### DATA PROVIDED
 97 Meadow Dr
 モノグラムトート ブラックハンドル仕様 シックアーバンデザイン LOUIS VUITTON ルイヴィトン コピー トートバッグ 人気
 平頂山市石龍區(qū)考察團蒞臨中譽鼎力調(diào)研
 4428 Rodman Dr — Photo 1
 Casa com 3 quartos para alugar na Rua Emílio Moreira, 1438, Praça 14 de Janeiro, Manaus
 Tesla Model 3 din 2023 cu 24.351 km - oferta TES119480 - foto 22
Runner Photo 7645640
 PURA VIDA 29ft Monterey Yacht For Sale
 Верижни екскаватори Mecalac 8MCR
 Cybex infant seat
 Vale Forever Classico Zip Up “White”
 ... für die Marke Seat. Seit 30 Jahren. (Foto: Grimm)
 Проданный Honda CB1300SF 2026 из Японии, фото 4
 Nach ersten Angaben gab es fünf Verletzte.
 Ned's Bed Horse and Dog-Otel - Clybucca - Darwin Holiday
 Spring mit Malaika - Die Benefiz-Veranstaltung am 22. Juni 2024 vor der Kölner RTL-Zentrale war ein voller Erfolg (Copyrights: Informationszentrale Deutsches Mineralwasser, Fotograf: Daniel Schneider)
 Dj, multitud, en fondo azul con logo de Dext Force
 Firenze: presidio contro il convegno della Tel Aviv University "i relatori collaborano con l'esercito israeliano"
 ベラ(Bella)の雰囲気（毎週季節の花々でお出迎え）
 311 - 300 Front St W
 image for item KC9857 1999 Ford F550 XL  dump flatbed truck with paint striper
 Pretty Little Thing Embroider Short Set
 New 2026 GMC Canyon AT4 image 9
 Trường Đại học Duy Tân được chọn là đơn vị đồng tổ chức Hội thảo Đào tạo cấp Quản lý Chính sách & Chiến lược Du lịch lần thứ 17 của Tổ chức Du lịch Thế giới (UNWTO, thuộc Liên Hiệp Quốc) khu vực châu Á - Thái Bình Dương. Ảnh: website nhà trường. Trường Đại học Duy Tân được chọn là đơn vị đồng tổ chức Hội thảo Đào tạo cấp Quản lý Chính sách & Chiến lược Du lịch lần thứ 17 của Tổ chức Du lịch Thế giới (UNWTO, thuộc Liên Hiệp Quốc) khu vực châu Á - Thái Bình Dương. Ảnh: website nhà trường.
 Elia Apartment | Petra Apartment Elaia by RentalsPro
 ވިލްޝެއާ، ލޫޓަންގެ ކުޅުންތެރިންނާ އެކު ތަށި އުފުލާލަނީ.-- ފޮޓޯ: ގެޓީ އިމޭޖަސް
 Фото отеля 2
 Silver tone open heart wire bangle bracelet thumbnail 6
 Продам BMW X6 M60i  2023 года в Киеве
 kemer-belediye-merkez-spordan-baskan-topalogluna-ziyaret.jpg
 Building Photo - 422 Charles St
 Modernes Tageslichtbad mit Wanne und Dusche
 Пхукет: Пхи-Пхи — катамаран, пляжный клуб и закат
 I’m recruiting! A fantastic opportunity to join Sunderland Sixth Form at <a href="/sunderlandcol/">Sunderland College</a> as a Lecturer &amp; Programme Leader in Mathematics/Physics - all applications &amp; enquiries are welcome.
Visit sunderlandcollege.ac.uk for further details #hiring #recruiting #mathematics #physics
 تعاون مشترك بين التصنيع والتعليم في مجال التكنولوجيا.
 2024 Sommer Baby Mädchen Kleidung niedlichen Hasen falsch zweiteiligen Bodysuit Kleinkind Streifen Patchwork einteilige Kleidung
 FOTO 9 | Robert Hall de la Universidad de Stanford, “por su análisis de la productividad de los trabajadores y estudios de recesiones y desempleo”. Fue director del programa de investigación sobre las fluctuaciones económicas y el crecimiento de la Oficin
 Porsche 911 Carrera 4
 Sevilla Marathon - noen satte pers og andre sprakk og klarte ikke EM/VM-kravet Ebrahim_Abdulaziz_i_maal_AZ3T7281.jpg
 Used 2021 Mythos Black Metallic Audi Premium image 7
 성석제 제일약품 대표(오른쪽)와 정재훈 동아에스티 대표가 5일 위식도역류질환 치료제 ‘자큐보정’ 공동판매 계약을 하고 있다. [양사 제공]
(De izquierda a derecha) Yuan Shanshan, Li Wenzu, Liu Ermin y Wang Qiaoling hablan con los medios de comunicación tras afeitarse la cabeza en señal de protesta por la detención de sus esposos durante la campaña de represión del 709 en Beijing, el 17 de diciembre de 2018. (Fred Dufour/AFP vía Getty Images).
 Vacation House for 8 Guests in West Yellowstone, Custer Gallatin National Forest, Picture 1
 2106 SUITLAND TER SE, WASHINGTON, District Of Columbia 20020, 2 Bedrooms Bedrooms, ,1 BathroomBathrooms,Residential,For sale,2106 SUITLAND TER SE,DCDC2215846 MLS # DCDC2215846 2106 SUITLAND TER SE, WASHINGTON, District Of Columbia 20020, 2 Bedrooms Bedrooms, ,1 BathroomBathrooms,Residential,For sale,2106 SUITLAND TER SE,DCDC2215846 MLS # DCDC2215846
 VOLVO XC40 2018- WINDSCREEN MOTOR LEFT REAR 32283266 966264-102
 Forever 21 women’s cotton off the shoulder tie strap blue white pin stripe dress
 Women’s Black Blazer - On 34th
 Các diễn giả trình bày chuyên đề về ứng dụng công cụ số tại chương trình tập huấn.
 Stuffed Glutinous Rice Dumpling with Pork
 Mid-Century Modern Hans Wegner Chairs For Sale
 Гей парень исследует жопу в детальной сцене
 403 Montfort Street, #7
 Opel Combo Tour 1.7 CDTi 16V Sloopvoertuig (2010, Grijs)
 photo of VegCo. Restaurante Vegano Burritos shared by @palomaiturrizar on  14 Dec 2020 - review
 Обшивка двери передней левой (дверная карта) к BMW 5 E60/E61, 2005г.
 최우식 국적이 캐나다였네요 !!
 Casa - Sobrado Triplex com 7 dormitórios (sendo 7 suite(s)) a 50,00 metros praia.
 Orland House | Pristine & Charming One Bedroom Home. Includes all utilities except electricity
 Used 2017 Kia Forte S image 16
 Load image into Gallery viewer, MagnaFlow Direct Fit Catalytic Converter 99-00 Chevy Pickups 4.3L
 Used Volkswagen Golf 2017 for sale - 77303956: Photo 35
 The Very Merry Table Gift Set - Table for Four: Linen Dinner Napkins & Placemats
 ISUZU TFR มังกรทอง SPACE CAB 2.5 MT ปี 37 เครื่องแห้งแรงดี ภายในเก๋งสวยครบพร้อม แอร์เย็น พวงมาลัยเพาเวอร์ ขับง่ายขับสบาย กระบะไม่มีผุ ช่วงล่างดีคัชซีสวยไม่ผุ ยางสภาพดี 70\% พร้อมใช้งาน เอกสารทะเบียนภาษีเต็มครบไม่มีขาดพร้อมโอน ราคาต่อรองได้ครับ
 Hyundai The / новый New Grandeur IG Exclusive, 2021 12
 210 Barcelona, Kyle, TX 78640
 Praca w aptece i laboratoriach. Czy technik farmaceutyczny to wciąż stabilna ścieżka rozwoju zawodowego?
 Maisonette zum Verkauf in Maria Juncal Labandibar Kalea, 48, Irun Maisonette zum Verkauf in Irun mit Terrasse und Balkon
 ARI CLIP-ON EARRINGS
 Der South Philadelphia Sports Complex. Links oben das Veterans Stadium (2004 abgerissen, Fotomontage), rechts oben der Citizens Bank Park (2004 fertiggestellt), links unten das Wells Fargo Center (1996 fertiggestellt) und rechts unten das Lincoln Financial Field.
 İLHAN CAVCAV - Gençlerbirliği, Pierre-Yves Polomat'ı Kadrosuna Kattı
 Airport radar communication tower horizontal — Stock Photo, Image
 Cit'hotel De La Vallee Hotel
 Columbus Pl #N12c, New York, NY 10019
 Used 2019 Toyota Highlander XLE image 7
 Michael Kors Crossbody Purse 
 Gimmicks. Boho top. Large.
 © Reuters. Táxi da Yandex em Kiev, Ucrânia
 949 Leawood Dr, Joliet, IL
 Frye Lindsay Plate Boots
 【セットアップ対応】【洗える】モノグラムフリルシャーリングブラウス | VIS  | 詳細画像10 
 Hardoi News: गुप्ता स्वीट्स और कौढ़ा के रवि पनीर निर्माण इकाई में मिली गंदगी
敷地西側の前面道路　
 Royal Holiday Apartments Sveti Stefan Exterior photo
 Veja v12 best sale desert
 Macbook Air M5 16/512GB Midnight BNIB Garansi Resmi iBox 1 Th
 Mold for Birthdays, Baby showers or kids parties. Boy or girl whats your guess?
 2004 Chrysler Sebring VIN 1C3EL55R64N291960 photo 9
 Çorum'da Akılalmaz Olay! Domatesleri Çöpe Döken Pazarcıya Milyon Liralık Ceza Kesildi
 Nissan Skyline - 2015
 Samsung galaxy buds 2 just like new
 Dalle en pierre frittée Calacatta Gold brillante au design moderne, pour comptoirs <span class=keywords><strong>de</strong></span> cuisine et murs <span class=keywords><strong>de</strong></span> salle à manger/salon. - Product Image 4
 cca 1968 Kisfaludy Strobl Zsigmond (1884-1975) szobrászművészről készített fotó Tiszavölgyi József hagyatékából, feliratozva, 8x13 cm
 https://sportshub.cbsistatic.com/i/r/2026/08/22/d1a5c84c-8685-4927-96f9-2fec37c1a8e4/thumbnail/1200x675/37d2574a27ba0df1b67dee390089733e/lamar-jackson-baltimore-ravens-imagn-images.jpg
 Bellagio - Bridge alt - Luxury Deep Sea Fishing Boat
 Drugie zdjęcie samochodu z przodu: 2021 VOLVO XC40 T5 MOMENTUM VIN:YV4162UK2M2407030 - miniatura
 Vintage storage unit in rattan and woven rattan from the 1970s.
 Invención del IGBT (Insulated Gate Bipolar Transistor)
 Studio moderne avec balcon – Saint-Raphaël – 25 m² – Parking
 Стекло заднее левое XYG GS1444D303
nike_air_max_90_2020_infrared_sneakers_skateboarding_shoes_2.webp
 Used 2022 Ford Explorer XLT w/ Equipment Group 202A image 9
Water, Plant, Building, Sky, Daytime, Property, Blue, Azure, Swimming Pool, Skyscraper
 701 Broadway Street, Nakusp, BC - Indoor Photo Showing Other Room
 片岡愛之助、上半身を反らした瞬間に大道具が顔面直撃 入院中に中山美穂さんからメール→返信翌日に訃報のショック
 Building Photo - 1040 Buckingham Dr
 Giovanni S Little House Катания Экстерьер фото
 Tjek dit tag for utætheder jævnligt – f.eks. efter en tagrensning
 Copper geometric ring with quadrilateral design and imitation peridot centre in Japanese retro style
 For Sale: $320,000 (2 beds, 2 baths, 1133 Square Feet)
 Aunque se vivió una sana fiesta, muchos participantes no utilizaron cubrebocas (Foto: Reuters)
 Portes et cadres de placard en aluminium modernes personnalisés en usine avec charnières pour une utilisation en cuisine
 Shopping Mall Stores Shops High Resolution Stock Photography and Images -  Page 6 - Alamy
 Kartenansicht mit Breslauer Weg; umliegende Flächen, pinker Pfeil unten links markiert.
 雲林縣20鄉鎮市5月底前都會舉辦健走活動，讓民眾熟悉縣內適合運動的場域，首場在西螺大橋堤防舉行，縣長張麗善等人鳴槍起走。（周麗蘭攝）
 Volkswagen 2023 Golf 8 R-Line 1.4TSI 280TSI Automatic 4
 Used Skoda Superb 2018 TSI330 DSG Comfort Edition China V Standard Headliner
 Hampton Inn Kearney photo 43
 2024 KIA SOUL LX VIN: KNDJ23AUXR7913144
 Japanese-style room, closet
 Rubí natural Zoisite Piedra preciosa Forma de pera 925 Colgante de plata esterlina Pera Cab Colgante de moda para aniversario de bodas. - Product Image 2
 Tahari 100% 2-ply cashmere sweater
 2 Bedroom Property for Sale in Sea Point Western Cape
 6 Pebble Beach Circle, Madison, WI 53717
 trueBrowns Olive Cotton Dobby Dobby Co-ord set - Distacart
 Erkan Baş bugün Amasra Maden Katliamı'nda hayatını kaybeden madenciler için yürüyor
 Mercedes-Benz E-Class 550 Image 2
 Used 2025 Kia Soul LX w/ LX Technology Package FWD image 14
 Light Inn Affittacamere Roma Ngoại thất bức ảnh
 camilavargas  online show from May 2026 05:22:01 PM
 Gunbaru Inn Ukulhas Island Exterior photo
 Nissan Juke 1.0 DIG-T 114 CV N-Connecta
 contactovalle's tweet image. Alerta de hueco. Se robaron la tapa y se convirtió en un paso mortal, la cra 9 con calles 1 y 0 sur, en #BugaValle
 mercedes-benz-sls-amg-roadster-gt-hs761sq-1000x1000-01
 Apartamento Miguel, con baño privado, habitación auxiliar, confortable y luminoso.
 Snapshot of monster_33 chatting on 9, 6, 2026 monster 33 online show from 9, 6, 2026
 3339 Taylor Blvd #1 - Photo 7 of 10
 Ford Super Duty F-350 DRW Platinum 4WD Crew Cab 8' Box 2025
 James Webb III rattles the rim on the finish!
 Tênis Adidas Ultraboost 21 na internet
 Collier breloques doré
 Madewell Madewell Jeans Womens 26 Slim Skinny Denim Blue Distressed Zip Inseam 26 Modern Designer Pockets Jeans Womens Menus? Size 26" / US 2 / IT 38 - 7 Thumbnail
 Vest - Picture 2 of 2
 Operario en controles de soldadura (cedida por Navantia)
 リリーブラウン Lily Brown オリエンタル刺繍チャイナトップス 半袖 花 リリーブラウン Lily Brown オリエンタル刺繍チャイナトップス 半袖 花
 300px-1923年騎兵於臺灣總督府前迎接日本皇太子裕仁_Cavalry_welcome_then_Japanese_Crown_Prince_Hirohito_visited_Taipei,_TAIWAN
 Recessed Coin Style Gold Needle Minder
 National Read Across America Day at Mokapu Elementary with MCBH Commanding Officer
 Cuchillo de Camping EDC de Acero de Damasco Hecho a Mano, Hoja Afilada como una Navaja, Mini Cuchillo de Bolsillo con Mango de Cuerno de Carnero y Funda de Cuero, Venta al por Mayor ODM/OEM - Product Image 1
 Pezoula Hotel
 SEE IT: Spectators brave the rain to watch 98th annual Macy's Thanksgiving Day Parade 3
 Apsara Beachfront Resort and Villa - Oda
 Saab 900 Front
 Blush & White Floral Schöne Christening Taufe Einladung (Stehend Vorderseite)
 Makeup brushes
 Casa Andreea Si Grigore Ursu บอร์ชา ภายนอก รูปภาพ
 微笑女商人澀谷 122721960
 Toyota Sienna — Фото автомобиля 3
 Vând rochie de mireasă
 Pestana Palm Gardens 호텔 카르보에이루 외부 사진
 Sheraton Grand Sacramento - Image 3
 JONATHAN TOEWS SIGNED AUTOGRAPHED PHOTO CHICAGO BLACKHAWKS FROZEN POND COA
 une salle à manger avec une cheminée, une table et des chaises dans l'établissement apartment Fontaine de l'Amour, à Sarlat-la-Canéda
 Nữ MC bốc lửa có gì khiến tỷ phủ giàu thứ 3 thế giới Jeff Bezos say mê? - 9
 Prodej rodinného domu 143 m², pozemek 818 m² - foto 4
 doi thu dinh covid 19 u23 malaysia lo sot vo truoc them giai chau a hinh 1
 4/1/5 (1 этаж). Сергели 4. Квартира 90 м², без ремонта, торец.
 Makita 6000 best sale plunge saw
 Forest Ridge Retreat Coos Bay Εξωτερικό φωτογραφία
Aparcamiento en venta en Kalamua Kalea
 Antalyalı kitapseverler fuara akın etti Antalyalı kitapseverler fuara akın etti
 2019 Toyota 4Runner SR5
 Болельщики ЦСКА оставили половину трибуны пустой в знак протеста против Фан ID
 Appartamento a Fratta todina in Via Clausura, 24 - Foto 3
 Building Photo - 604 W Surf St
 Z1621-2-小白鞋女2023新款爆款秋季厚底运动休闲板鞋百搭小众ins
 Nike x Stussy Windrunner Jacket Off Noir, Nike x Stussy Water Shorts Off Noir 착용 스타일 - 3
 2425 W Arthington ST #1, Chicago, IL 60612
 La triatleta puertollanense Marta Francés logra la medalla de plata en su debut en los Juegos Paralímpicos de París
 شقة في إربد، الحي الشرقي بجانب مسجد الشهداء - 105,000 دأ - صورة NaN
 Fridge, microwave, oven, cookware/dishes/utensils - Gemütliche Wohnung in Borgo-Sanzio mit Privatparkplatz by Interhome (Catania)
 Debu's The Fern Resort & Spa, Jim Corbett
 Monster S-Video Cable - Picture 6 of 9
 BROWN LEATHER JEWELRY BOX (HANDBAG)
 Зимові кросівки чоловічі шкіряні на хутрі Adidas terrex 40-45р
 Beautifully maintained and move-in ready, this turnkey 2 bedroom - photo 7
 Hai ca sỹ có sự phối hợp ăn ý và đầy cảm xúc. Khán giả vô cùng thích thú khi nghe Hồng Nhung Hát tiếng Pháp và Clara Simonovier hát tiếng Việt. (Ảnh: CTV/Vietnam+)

### TASK STATEMENT
For the string "Property", go line by line through the material and copy every line that has it.

### EXERCISE OUTPUT
Water, Plant, Building, Sky, Daytime, Property, Blue, Azure, Swimming Pool, Skyscraper
 2 Bedroom Property for Sale in Sea Point Western Cape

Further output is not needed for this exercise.